Like Blaze News? Bypass the censors, sign up for our newsletters, and get stories like this direct to your inbox. Sign up here!
Some feminist.
Jon Stewart normally works the Monday beat at “The Daily Show” as part of his modest comeback tour. The faux anchor decided to pick up an extra shift this week, eager to weigh in ASAP on the suspension of fellow far-left talker Jimmy Kimmel.
Joaquin Phoenix, Cillian Murphy, Sharon Horgan, Steve Coogan, and Peter Gabriel are among the participants in a new activist video promoting … wait for it … Palestine.
He knows how much his country needs him, and it couldn’t wait until Monday. Bless his heart.
And, in the process, Stewart bumped the person who was slated to sit in the anchor chair. That’s Desi Lydic, who just won her second Emmy mere days ago for her work on the show.
Must be nice to be a progressive hero who can mansplain to a successful woman why he needs to take the big seat at a moment’s notice …
Dwight keeps making sense.
Actor Rainn Wilson from “The Office” is a curious figure in Hollywood. He’s spiritual, but not a Christian. He’s left of center, but not someone decrying the rise of “fascism” every five minutes.
And most shocking of all, he’s aghast that some of his fellow liberals have souls so small you can’t see them without a microscope.
Wilson shared the reaction he saw from some fellow liberals after they learned that conservative icon Charlie Kirk was murdered by a leftist. We’ll let him share more:
I spoke to a couple of — let’s say liberal friends — at an event … and they were like, ‘You won’t find me shedding any tears.'
It was a little bit of a good-riddance thing, and it’s like, ‘Guys, NO!'
We cannot think or talk that way. That is not OK.”

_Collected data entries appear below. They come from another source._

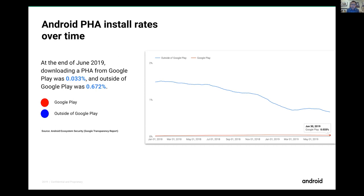Google Play remains extremely safe compared to sideloading — roughly seven to twenty times safer. The downward trend for apps outside Google Play shouldn't be over-interpreted; the problem is there's an endless number of applications outside Google Play that can't all be covered. The trend correlates more with how much is invested in looking at outside-Google-Play applications at any given time, rather than the true badness rate.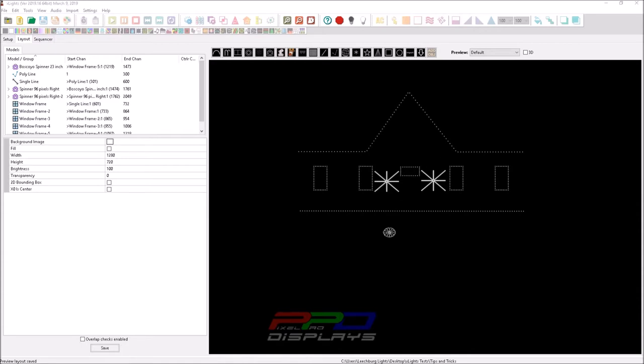So folks, we're continuing. This is going to be part three of our layout build series that we've kind of started out with. And I know I'm doing my own kind of display.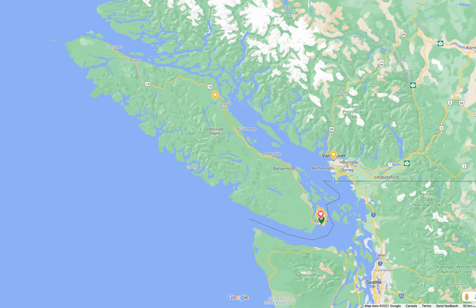Hi, this is Rich McHugh, and I'm going to talk a little bit about the struggle I had to find good local data about COVID spread in my part of the world, which is Victoria, B.C. and British Columbia.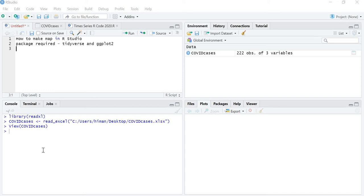Hello friends. In this video we are going to learn how to make a map in RStudio. To make a map in RStudio we require two packages: one is tidyverse and one is ggplot2. I have also discussed these two packages in the previous videos. Tidyverse and tidyquant are also needed to extract data from the stock market, and ggplot is needed to construct the graph or to plot the map.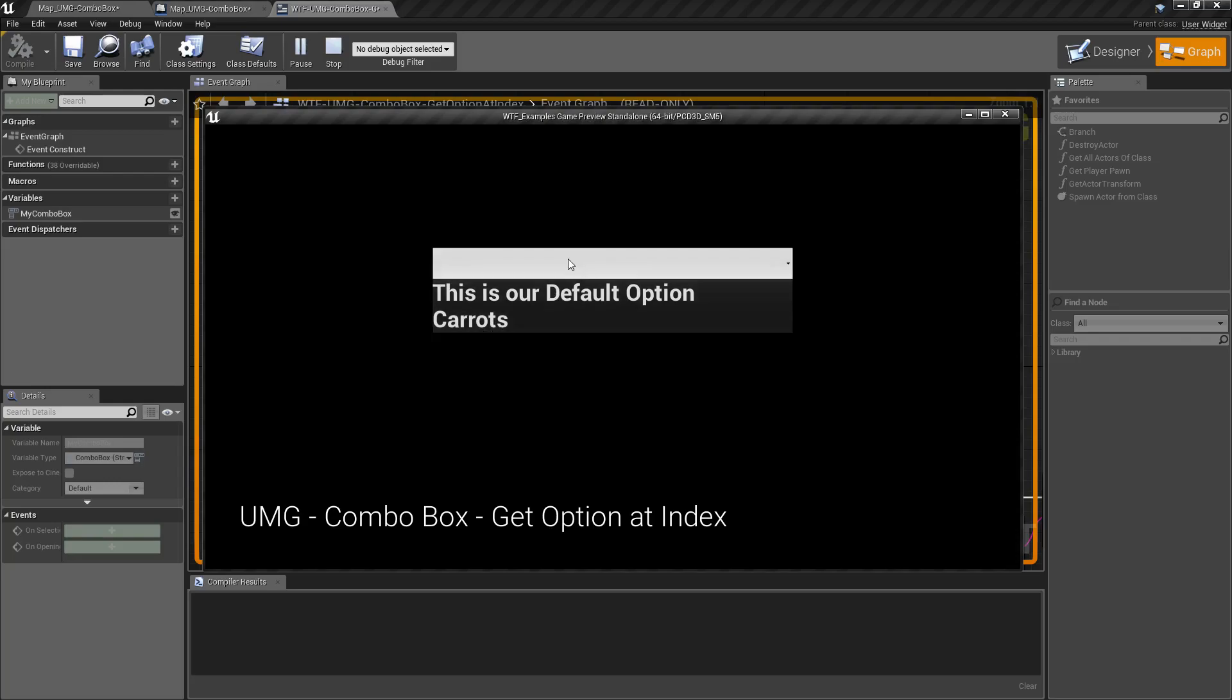Remember our combos here, our options are in an array and they start at zero. So zero is our first option and one is our second, which is carrots.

He’s right, but it’s often the norm on the far-left side of the aisle, alas …
RELATED: Coldplay singer asks 80,000 fans to 'send love' to 'Charlie Kirk's family' during final tour stop

Variety’s photo editors got a workout this week.
Kimmel’s firing sparked a passionate protest outside Disney offices in New York and Burbank, or so we were told. The scribe assigned to the story used all the rhetorical tricks possible to play up the outrage, with foreboding phrasing like "Disney faced the consequences of its decision …" and "The crowds slammed ABC, Disney, and Brendan Carr."

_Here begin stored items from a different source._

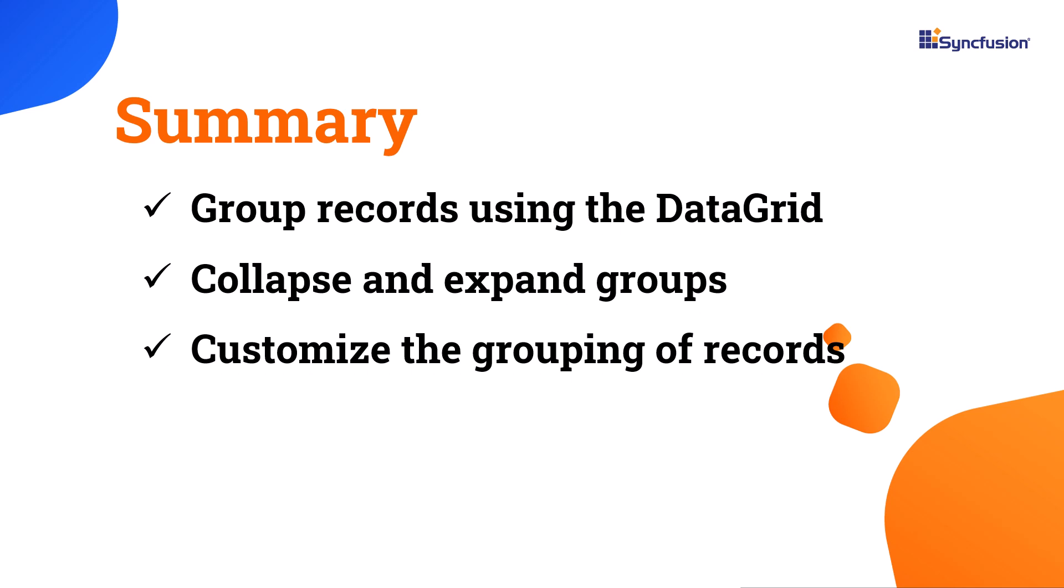Let's wrap up this video. You have learned how to group records using the Syncfusion .NET MAUI data grid. You have also learned how to collapse and expand groups as well as customize the grouping of records.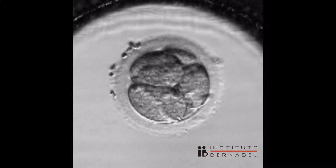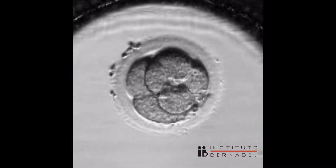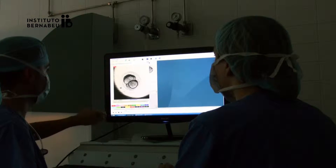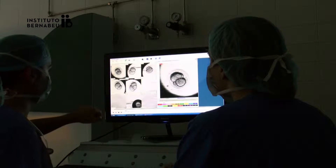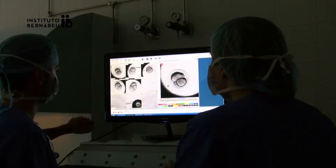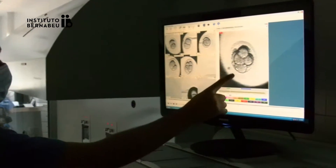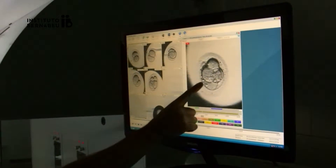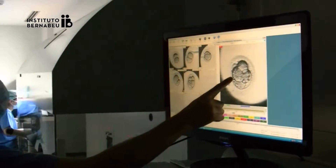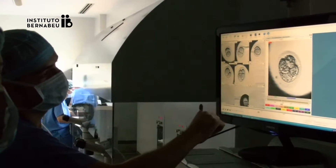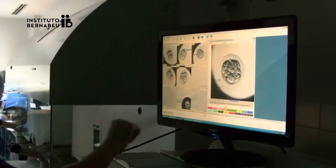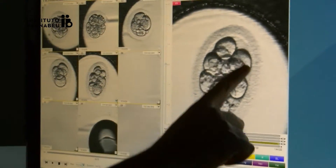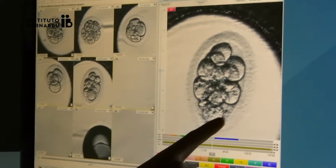Through this system, the embryos are continuously monitored and the images are obtained in 10-minute intervals. After each shot, the time-lapse system automatically disconnects to avoid prolonged exposure of the embryos to electromagnetic radiation.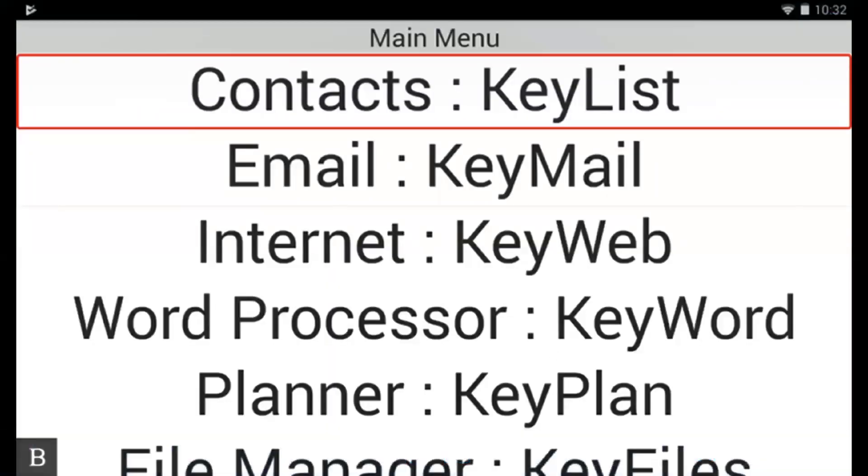Hello and welcome to another HumanWare BrailleNote Touch Snapshot video. My name is Andrew Flatches, I'm the BrailleNote Product Manager at HumanWare, and in this session I'd like to talk to you about some of the recent changes we've made in July in KeyWord.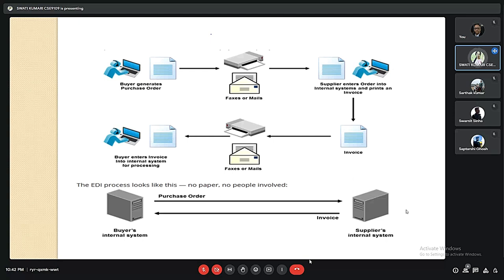In the traditional process the buyer generates the purchase order, mails it to the supplier, the supplier prints the invoice and mails it back to the buyer. In the EDI process it is much simpler: the buyer's internal system digitally sends the purchase order to the supplier's internal system, and the invoice also comes back digitally to the buyer, thus saving time.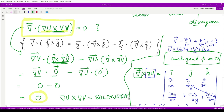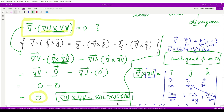I hope you now have a clear understanding of solenoidal vectors and how to perform calculations involving them. That is it for this video. Thank you for watching.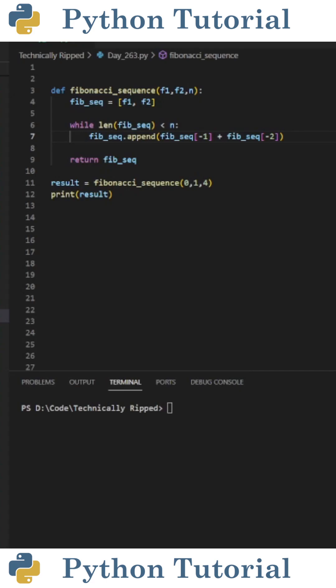The next step is to create a while loop that keeps the sequence going until it's run the amount of times we wanted it to run. To do this, I did while len of FibSequence is less than N, colon, FibSequence.append, and in the parentheses, I put FibSequence brackets negative one plus FibSequence negative two.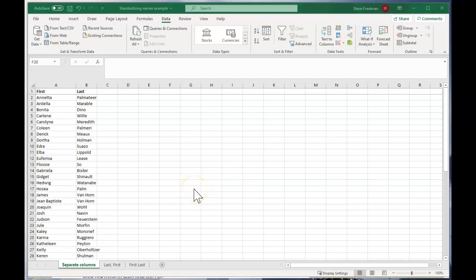Hello, I'm Steve Friedman with Rockstar Excel. Today I'm showing you how to standardize names in Excel.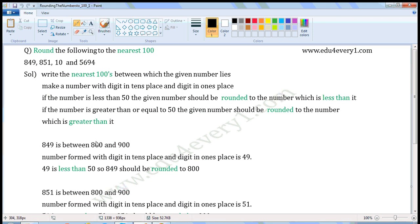The first number is 849. 849 is between 800 and 900. The number formed with the digit in the tens place and the digit in the ones place is 49. Since 49 is less than 50, 849 should be rounded to the lower hundred. So 849 should be rounded to 800.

The images told the real story – tightly cropped photographs that hid the scope of the protests. This story mentioned 200 people. A separate story said 300 people showed up.

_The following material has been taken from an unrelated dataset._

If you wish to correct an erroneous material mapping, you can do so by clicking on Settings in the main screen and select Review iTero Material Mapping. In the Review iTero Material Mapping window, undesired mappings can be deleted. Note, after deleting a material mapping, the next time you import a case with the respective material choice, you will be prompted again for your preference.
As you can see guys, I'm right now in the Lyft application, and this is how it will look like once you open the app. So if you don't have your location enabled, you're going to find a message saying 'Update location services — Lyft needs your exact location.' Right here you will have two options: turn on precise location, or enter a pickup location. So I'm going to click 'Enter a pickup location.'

Disney is quaking in its boots, no doubt. The walls are most certainly closing in …
Here we go again.
Remember all those celebrity videos where the stars assembled for the current thing? No makeup. Robotic phrase repetition. Faces you’ve never seen before among some legit stars. Exhausting.
The worst of the worst? The BLM-era “I Take Responsibility” cringe-fest featuring Aaron Paul, Kristen Bell, and Stanley Tucci.
Et tu, Stanley?
That Gal Gadot “Imagine” sing-along during the pandemic was a close second. Even liberals loathed that one, offering a rare moment of bipartisan agreement.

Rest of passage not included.